A noção de público é difícil de transmitir-se à classe dominante, refém do conceito egoísta de que “o meu é somente meu e o público não pertence a ninguém”. A ideia de que a comunidade é nossa mas não nos pertence está no âmago de cada cidadão ocidental e narcisista. Um reflexo disto verifica-se nos jovens que expressam comportamentos desviantes quando ofuscados de seus valores transitórios mas fundamentais para a sua sanidade mental e partem para o ganho fácil, despertado pelo consumismo e pela propaganda.
O trabalho dos técnicos de saúde, como agentes de saúde mental, é de primordial relevância na preservação do equilíbrio social que se deve manter, apesar dos descuidos e da pouca importância com que os políticos lidam perante estes problemas de marginalidade e comportamentos desviantes. Observamos que estes responsáveis seguem com suas retóricas, enquanto a sociedade se desorganiza. Os discursos são na sua totalidade democráticos, prepotentes e liberais, porquanto a ação é cada vez mais repressiva ignorando os verdadeiros problemas dos cidadãos.
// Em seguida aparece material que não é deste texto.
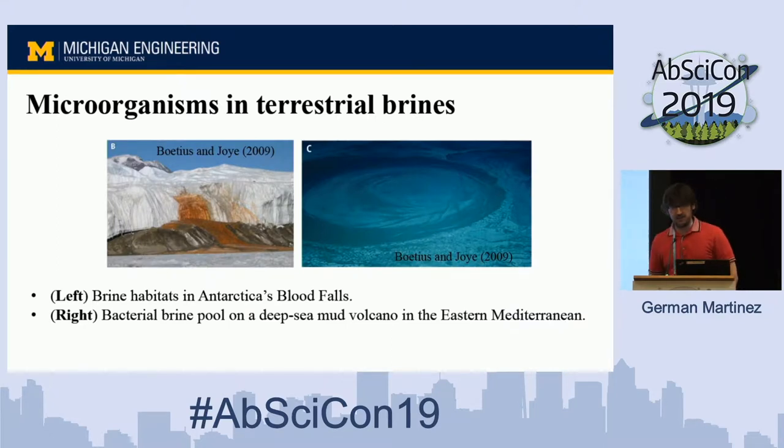So why are brines that important? Pretty much life requires three main ingredients to evolve: water, a source of energy, and nutrients and raw materials. We know that on Earth, a diverse array of microorganisms thrives in brines — for instance, brine habitats found in Antarctica's Blood Falls, and bacterial brine pools found on a deep sea mud volcano in the Eastern Mediterranean. So could brines form on Mars and in the icy moons? And if brines form, could microorganisms thrive in such brines? That's the topic of my talk today.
Os adolescentes que manifestam comportamentos antissociais possuem de uma forma empolada a angústia de castração, a qual se manifesta de três modos: medo de perder o amor das pessoas queridas; medo da mutilação e, finalmente, medo das críticas que lhes são impostas pela “voz da consciência”. As duas primeiras são óbvias pela exposição ao perigo e, a terceira refere-se ao sentimento de culpa destes jovens, enquadrados como causa social e não como efeito da violência. Por desdobramento, a autoestima fica profundamente prejudicada, pois ela é praticamente inexistente no sujeito social depreciado, acusado, violentado.

A humanidade atravessa uma mudança sem precedentes na sua história. O enorme avanço tecnológico alcançado em poucos anos não se acompanhou duma evolução ética, social e psicológica. Criou-se um abismo entre a capacidade inventiva e o aproveitamento generalizado destas novas máquinas.